What the task requires ->
Using the records that follow, reproduce exactly the lines starting at the line containing "Berlin. L'Allemagne. Mélange" and ending at the line containing "Đại tá Nguyễn". Include both end lines and no pictures.

Top of Excerpted data

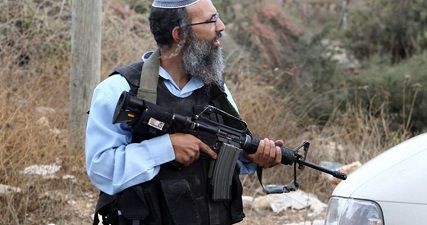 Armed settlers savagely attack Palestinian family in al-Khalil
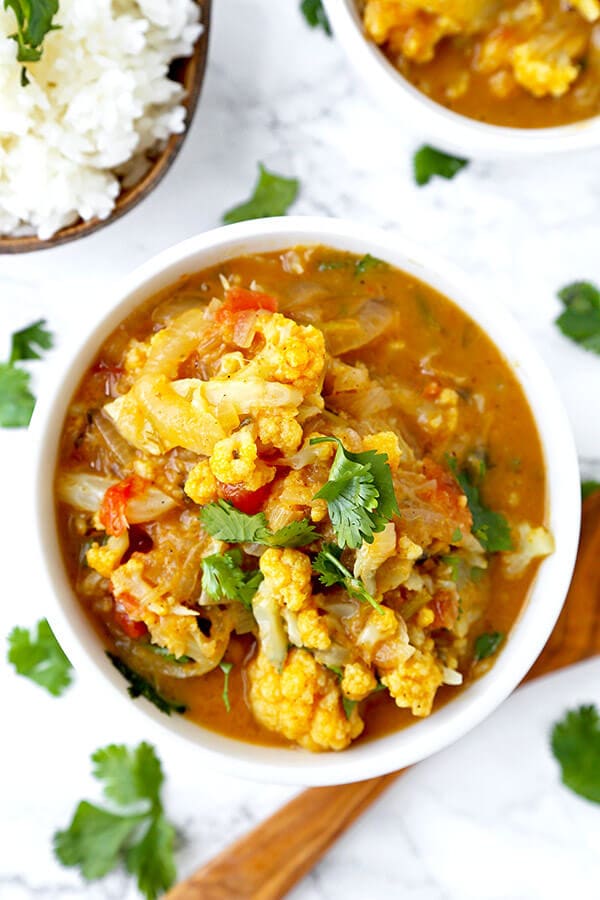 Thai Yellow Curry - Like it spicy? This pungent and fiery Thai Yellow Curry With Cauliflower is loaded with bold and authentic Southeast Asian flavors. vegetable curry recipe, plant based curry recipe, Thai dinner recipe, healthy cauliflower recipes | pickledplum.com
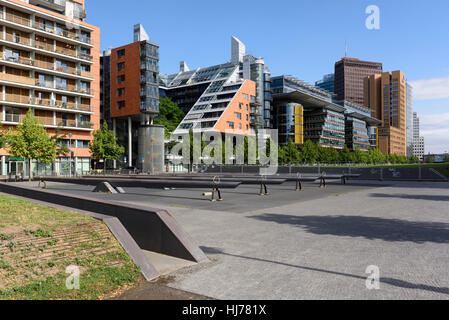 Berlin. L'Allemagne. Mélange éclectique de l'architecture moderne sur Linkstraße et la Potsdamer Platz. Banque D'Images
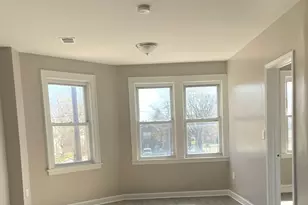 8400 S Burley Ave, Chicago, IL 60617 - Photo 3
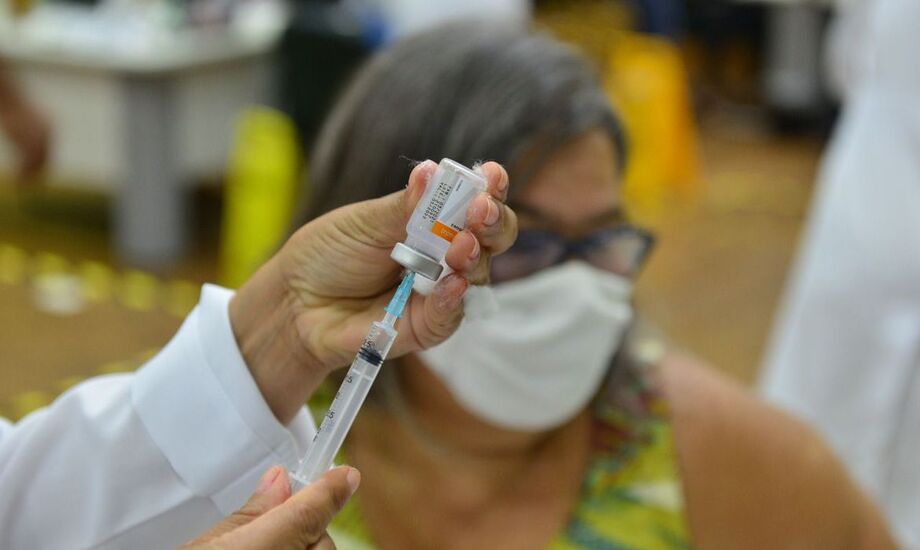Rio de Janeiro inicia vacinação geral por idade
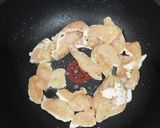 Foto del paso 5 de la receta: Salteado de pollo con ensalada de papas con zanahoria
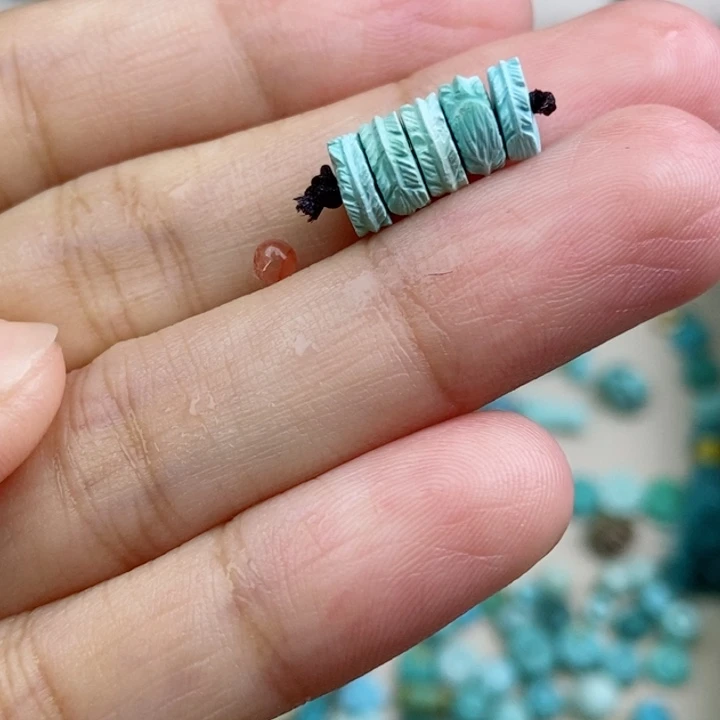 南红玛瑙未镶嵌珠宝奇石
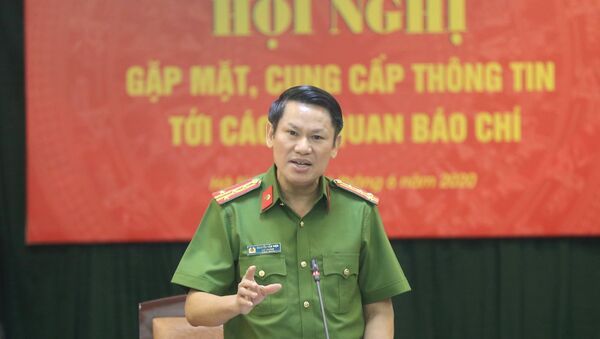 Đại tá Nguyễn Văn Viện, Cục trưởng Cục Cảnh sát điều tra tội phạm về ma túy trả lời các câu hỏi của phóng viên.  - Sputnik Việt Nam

Bottom of Excerpted data
Top of Excerpted data

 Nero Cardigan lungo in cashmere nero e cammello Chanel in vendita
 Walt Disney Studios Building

Bottom of Excerpted data

Exercise answer ->
 Berlin. L'Allemagne. Mélange éclectique de l'architecture moderne sur Linkstraße et la Potsdamer Platz. Banque D'Images
 8400 S Burley Ave, Chicago, IL 60617 - Photo 3
Rio de Janeiro inicia vacinação geral por idade
 Foto del paso 5 de la receta: Salteado de pollo con ensalada de papas con zanahoria
 南红玛瑙未镶嵌珠宝奇石
 Đại tá Nguyễn Văn Viện, Cục trưởng Cục Cảnh sát điều tra tội phạm về ma túy trả lời các câu hỏi của phóng viên.  - Sputnik Việt Nam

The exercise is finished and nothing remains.